I remember one of the promos for the film that wasn't in Mandarin featured voice over from Francis Ng's T (who drinks tea regularly as well) but it's been dropped from the Cantonese audio here (but kept intact on the Mandarin track and in the subtitles) and it actually helps take One Last Dance quite a bit out of the swamp of pretentiousness. Makowski's images, when they work, speak well enough without explanatory/symbolic voice over about the colors of T's own, inner song. Again on the intention to mix the somber, emotionless, emotional and personal with "hilarity", it seems Makowski wants to tap into the satire of lowly henchmen in general being useless, dumb and highly juvenile. Coming mainly from Joseph Quek's Ko who is still a dramatic key for the narrative, there's plenty of bizarre, deadpan, loud humour that ISN'T registering particularly high. It's simply put very annoying the division Makowski takes his satire or personal portrayal of the various characters of the underworld. To boot, it's not interesting either the choice and it's evident early as it clashes with any scene featuring Francis Ng who manages to escape largely unharmed and uninterrupted by all this.
Some Quentin Tarantino-esque dialogue tangents about coffee (and it's so damn forced it's offensive and embarrassing) leads into a wonderfully subtle turn by Ng as the cool, calculating, clever, honorable, graceful, loyal and by trade emotionless hitman. Not giving way to any tired clichés because Makowski has Ng at his disposal (and he was Makowski's first choice for the role reportedly), Ng plays T with an efficiency that few can beat, especially when he's gliding calmly and quietly through the environment. He's dangerous, on top of his game and there's no background needed here. The drive on the contrary deals with an awakening of feelings of love or some form of infatuation. T is a master within his ring. He's awkward out of it, something Ng slides between back and forth with great skill. Watch and re-watch his scene with the kidnap victims and eventually what he does with the pieces of tape. Clearly director Makowski blossoms too in any section where he gets to point the camera onto his lead and it even applies to supporting actor Ti Lung. Because when these two characters and actors get to talk in a sitting or walking two-shot, it's simply movie magic where we as an audience are in it just to see great performers be comfortable, be relaxed, showcase chemistry and it's all done with no stylistic tricks or pretension. Clearly the two have some common juice left since 2000's Clean My Name, Mr Coroner!
Less successful outside of the comedy are some post-production visual effects to accentuate things as a happy cup of tea, the heart located on Francis Ng's gun and the computer generated blood looks downright embarrassing but the fairly complex twists and turns have us onboard. Despite having a problematic and unfunny character such as Ko being a catalyst for dramatic events and the issue of plot-logic when looking back probably is easily argued against, One Last Dance maintains a compelling grip on us the closer Francis Ng's gets to Vivian Hsu's late developing character and the farther he gets away from set assassin code. A poignant line about what happens when innocence is lost affects and even though development seems spotty (i.e. T and Mae barely know each other), it's a bond that is believable under the circumstances.

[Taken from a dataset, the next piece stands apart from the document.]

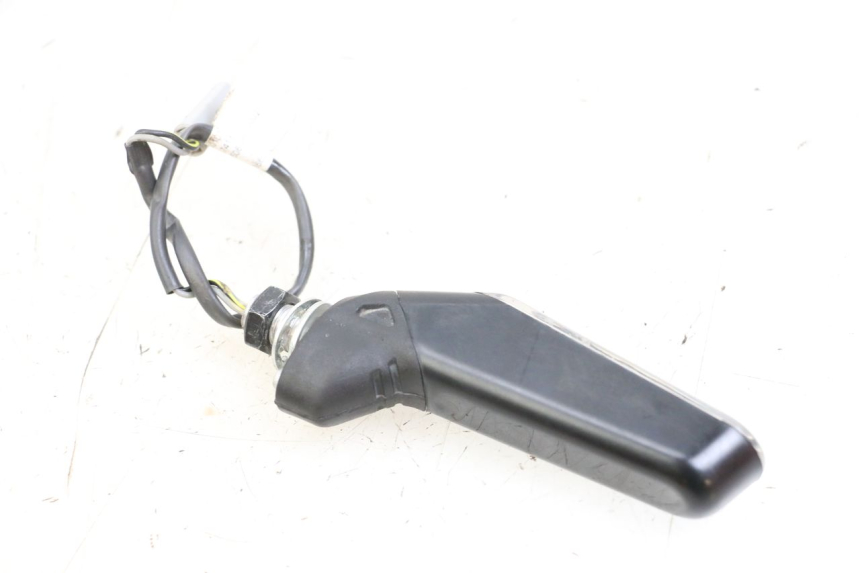 photo de Pisca dianteiro direito HUSQVARNA SVARTPILEN 401 (2018 - 2023) - Ampliação técnica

Extremely conflicted and making dramatic and comedic moods clash in a highly destructive away, Max Makowski does with One Last Dance what many Hong Kong filmmakers have done in the past; managing to deliver where it counts and in the parts where you're most adept. It doesn't make for a critics proof product (I can totally understand if anyone pans this) but One Last Dance makes fine use of what should work, including Francis Ng at the top of his game. It's an addition to a versatile career and a role we expected a honed performance out of... despite the clownish behaviour going on around it. We're puzzled, we disapprove AND approve.
Video: 2.32:1 non-anamorphic widescreen.
Audio: Cantonese Dolby Digital 2.0, Mandarin Dolby Digital 5.1 and Mandarin Dolby Digital 2.0.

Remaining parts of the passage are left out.